Minenna ha puntato il dito anche su alcune storture del sistema bancario europeo, come ad esempio il fatto che la Bundesbank tedesca riceva dai Pigs 4 mld l’anno, di cui 1 dall’Italia: “è incredibile, abbiamo i trasferimenti al contrario, dai paesi deboli ai paesi forti”, ha detto l’economista. Per uscire dalla crisi, secondo Minenna, bisogna ispirarsi alla politica monetaria della Fed statunitense, che ha spostato il debito a 40 anni, “perché il tempo con l’inflazione si mangia il debito”, e possiede in attivo 4.000 miliardi di titoli infruttiferi. Anche la Bce dovrebbe essere messa in condizione di operare analogamente: “Deve comprare debito pubblico, come la Fed. Deve rifinanziare il debito pubblico, e deve intervenire per portare lo spread a zero, altrimenti il gap tra le industrie manifatturiere europee resta incolmabile”.
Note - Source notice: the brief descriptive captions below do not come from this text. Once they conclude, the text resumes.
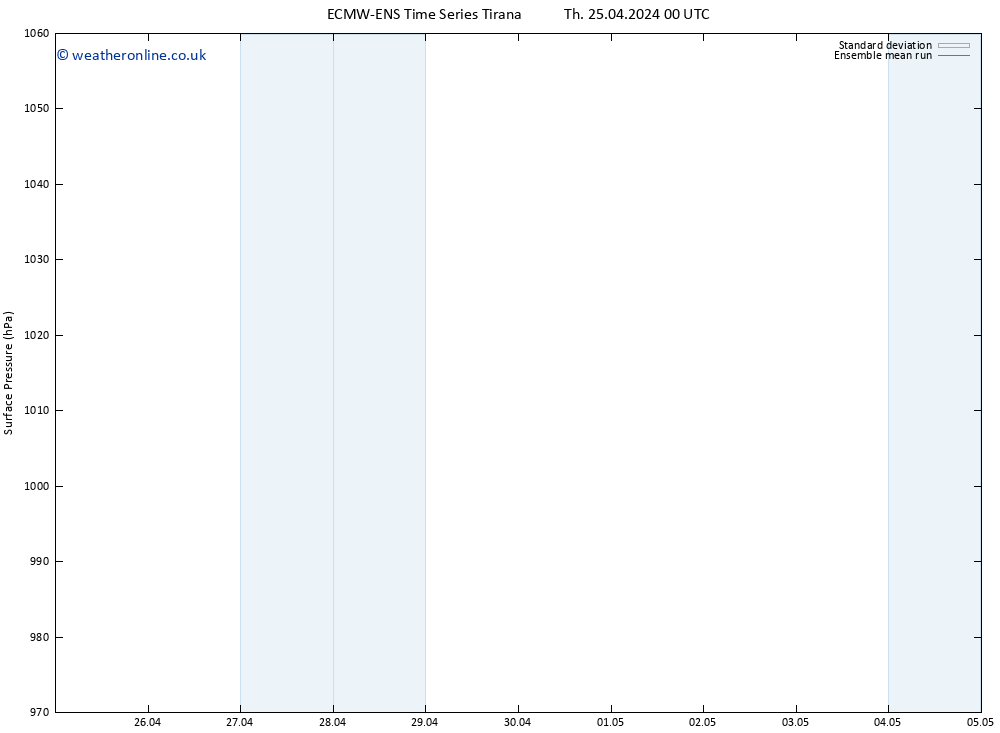 Surface pressure ECMWFTS Su 05.05.2024 00 UTC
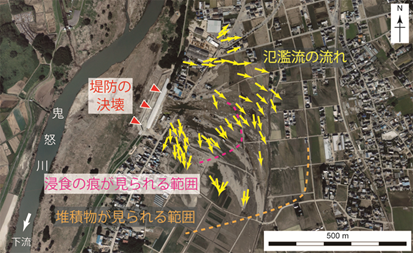 決壊した堤防から氾濫した流れの向きと変化の図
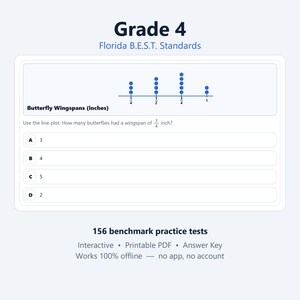 May include: A Grade 4 Florida B.E.S.T. Standards math worksheet featuring a line plot titled Butterfly Wingspans (inches) with blue dots representing data points. It asks how many butterflies had a wingspan of 3/4 inch with options A 3, B 4, C 5, and D 2.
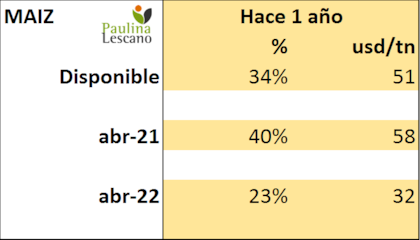 Cómo están los valores de cierre Matba Rofex en dólares por tonelada versus las mismas referencias hace un año
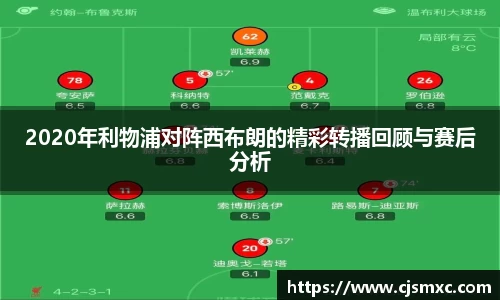 2020年利物浦对阵西布朗的精彩转播回顾与赛后分析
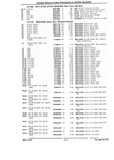 Previous Page - Chassis and Body Parts Catalog P&A 10 May 1981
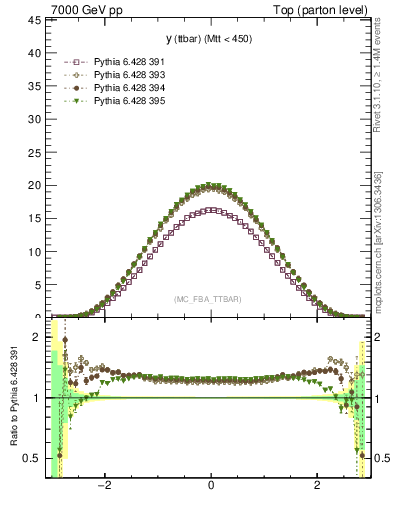 Plot of yttbar in 7000 GeV pp collisions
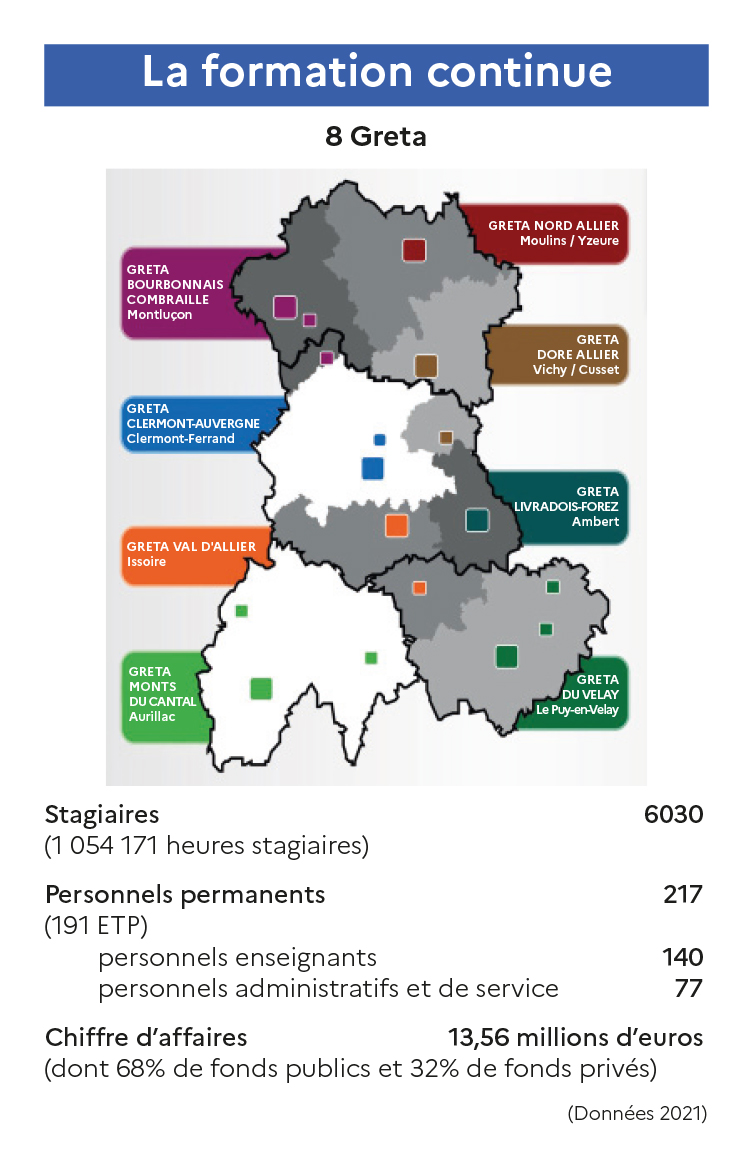 Académie en chiffres 2022 - La formation continue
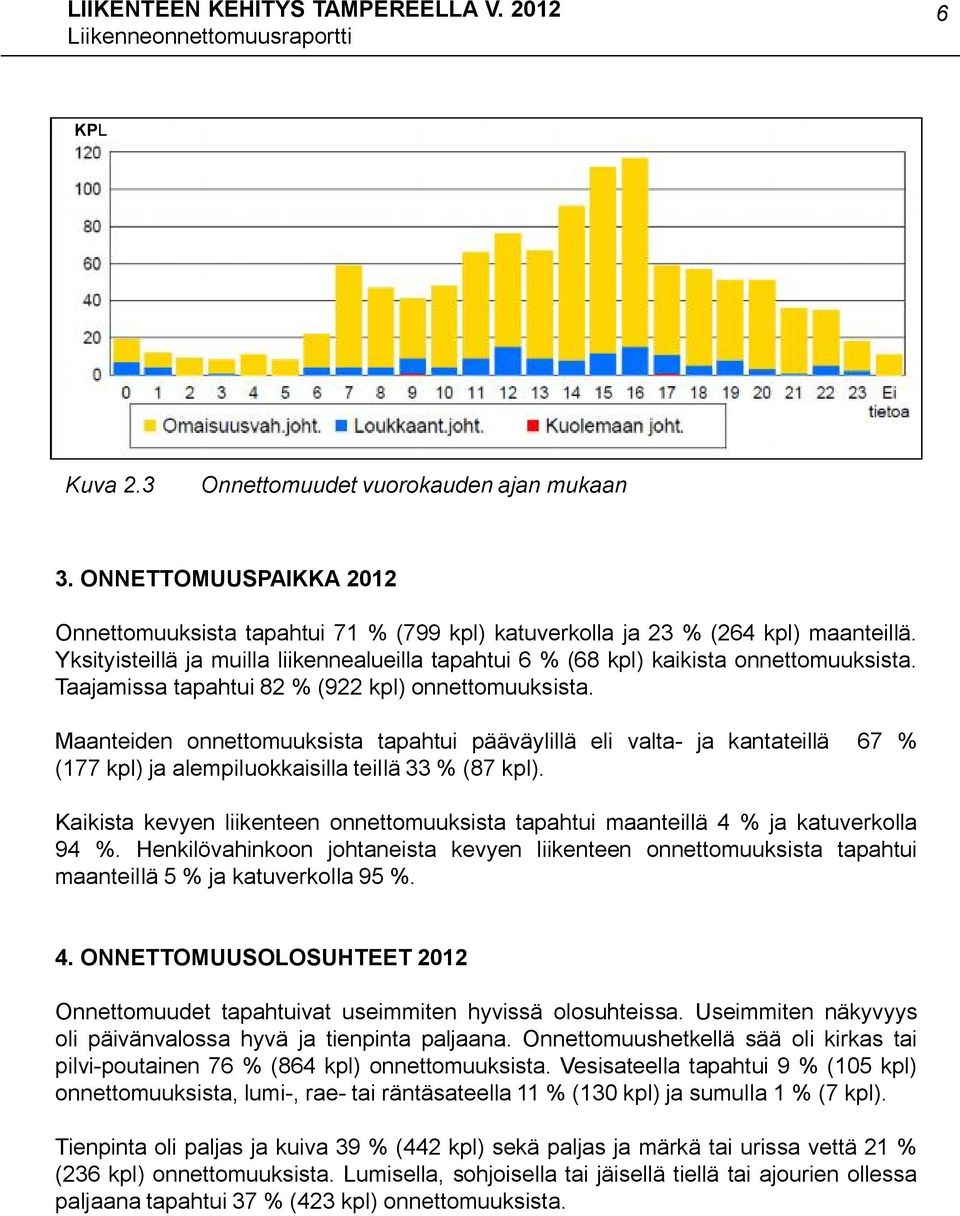 Maanteiden onnettomuuksista tapahtui pääväylillä eli valta- ja kantateillä 67 % (177 kpl) ja alempiluokkaisilla teillä 33 % (87 kpl).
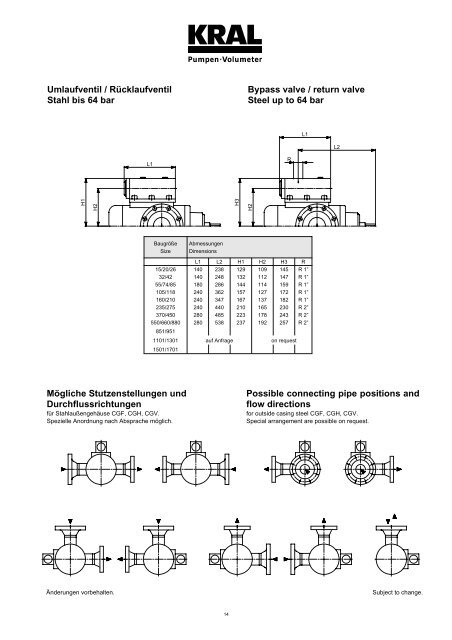 CG-41, Layout 1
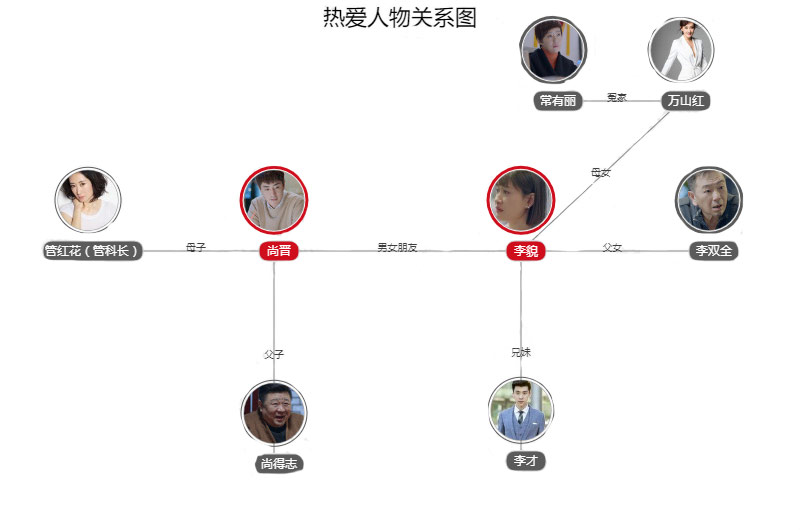 热爱人物关系图 热爱角色关系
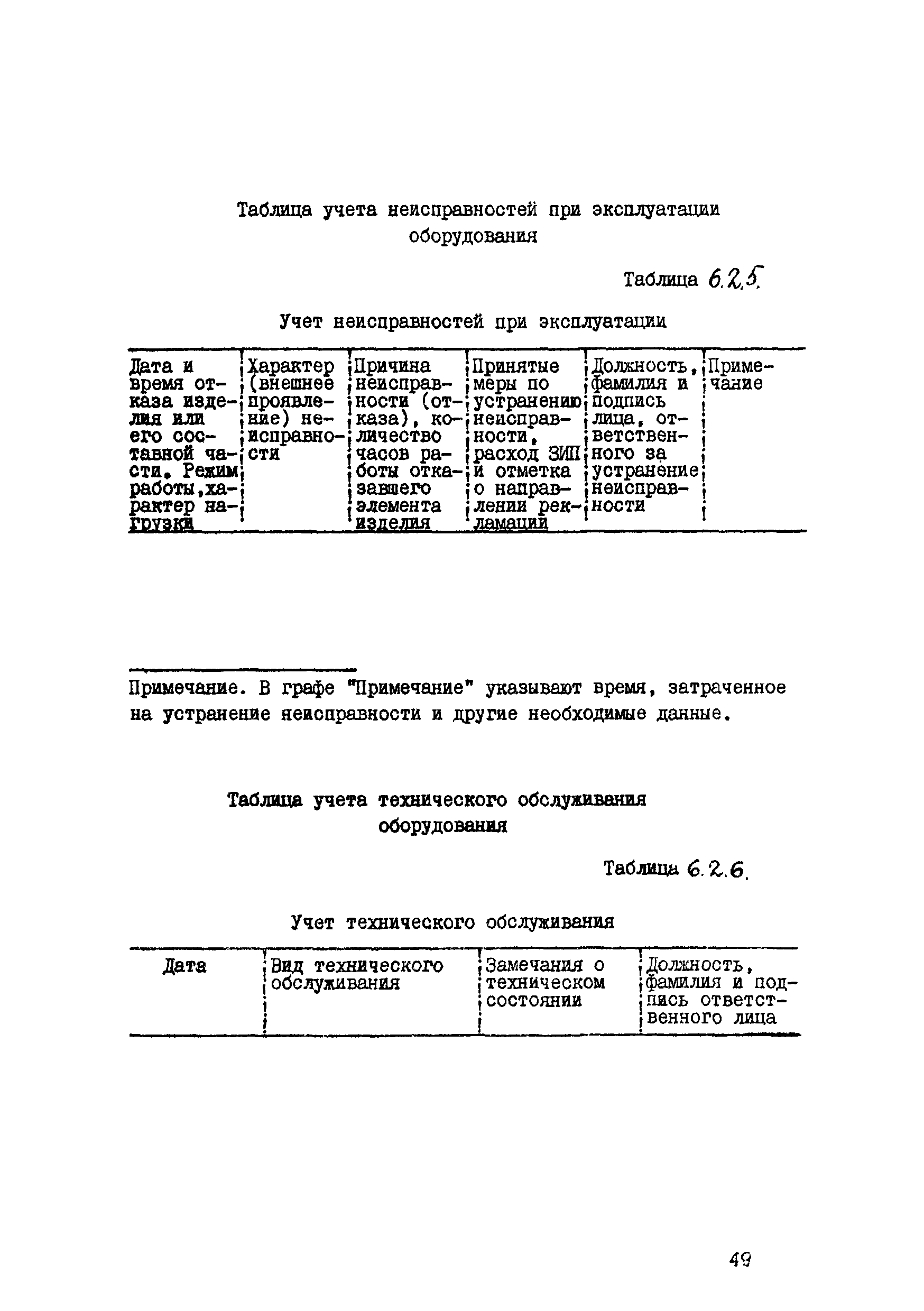 ВСН 39-87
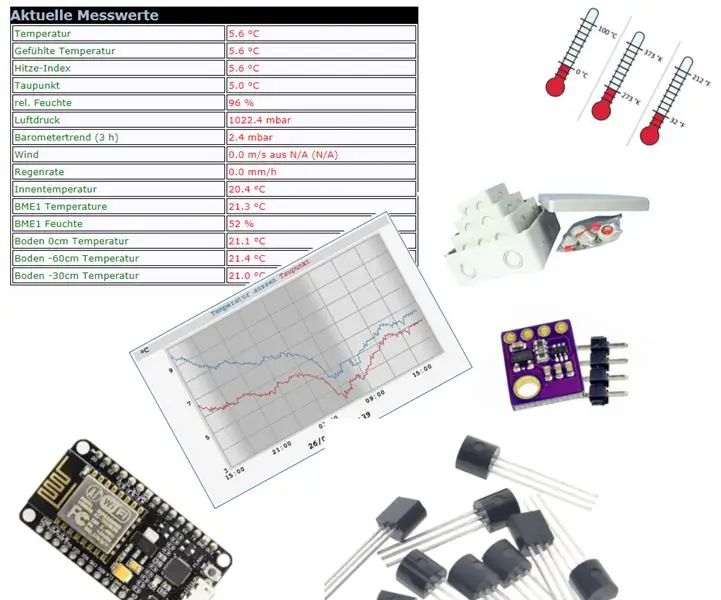 Czujniki rozszerzenia Nodemcu ESP8266 dla Weewx: 8 kroków (ze zdjęciami)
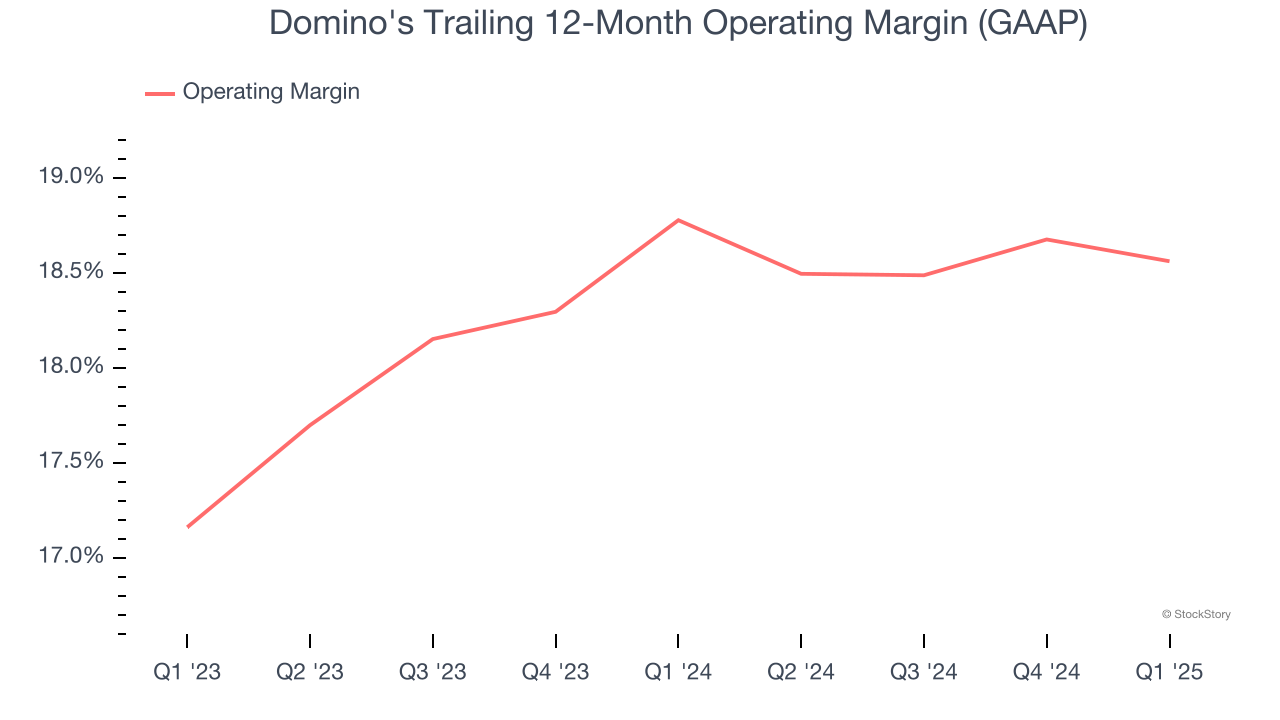 Domino's Trailing 12-Month Operating Margin (GAAP)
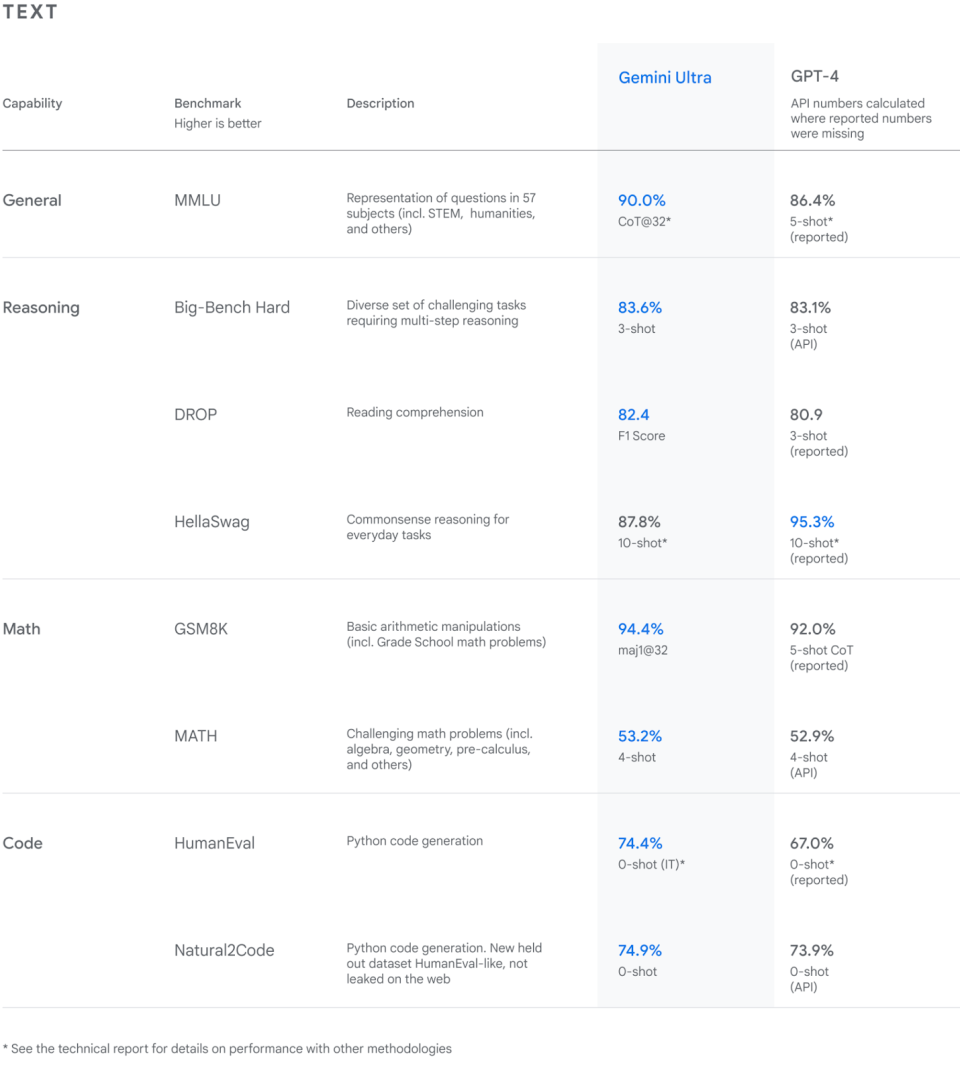 Google Gemini text and coding benchmarks compared to OpenAI's GPT-4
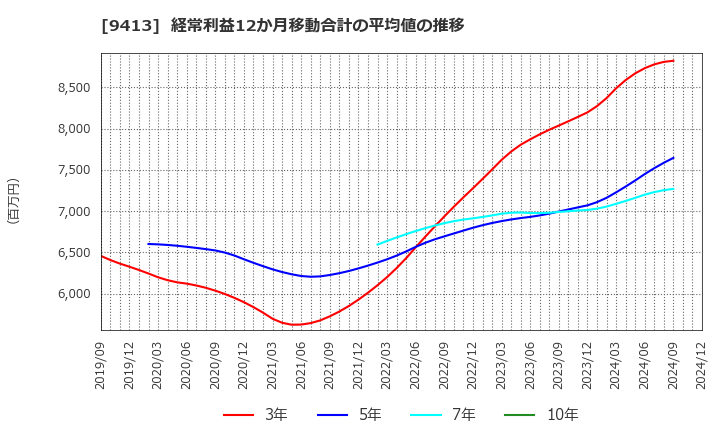 9413 (株)テレビ東京ホールディングス: 経常利益12か月移動合計の平均値の推移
Camusso: un modello sociale per l’Europa
“Nonostante i tanti buoni propositi che attraversarono il dibattito politico ed economico nel 2007-2008, poi ha prevalso il lasciare andare, il lasciare decidere al mondo della finanza le regole del gioco. Ma per noi non va bene”. Lo ha detto Susanna Camusso concludendo i lavori della giornata. Per il segretario generale della Cgil, invece, “si deve intervenire, a partire dall’Europa. Nel dibattito pubblico raramente si dice che l’Europa è il problema. Oggi l’Europa è un problema per il mondo, e la discussione non può restare nel tema della flessibilità dei trattati esistenti, ma bisogna uscirne. È indubbio che il tema sono i trattati europei, insieme al trattato di libero scambio tra l'Unione Europea e gli Usa (TTIP, ndr), di cui si parla pochissimo” e al cui riguardo – ammonisce Camusso – rischia di passare l’idea che si possa dare “piena libertà d’azione alle multinazionali a prescindere dagli Stati in cui operano”, chiudendo così il cerchio dell’indipendenza economica e finanziaria dalla politica e dagli Stati sovrani.

Secondo Camusso “la crisi europea va affrontata con radicalità”. E bisogna rispondere al “dilemma” se occorre accelerare o rallentare l’integrazione tra i Paesi della Ue. “Se, come noi vorremmo, ci si propone la rapida crescita dell’integrazione, bisogna scegliere quale modello sociale proporre all’Europa. Il modello finanziario ed economico non è indifferente alla scelta del modello sociale, che dipende da quale idea hai di redistribuzione della ricchezza, e da quali regole imponi, o no, alla finanza, al debito pubblico, ai rapporti commerciali transnazionali”.

Per il segretario generale della Cgil diventa quindi fondamentale riproporre il tema della redistribuzione dai profitti al bene comune, perché “la logica dell’accumulazione dei profitti non può più essere l’unica per far ripartire i Paesi”. Inoltre il binomio riduzione del debito pubblico/investimenti dovrebbe essere attuato – secondo Camusso - in una politica finanziaria europea: “Il debito accumulato dai Paesi venga monetizzato, passato al mercato secondario ecc., le soluzioni tecniche sono varie – ricorda Camusso – , ma la strada dovrebbe essere quella: liberare i Paesi dall’impossibilità di intervenire sul debito”.

Le operazioni tradizionali (entro il recinto dell’austerità) di riduzione della spesa pubblica e del debito, e poi di alleggerimento fiscale, possibilmente sul costo del lavoro, non “risolvono il problema della ripresa”. Anche l’idea di lasciare gli investimenti nel terreno privato “non è più sufficiente”; né “il buon finanziamento da parte delle banche”, che “certo è essenziale”, prosegue Camusso, ma non sufficiente “se non decidi di programmare i campi in cui investi nel Paese”.

Infine “in quale politica industriale si muove l’Europa: è l’ulteriore elemento che dev’essere oggetto di riflessione collettiva – conclude Camusso –. Il modello industriale e di sviluppo che abbiamo conosciuto, basato sull’incremento progressivo della produzione e delle vendite, non può essere il modello del futuro. E questo cambia le politiche del lavoro”. Se si avanza verso un modello futuro di servizi alla persona più che di beni materiali, è fondamentale che la quota pubblica di tutela delle persone cresca, e che questo settore non sia lasciato alla privatizzazione. “Sarebbe drammatico – conclude Camusso - immaginare che il sistema liberista si appropriasse anche dei modelli futuri, trasformando la sfera delle tutele nella sfera della disuguaglianza”.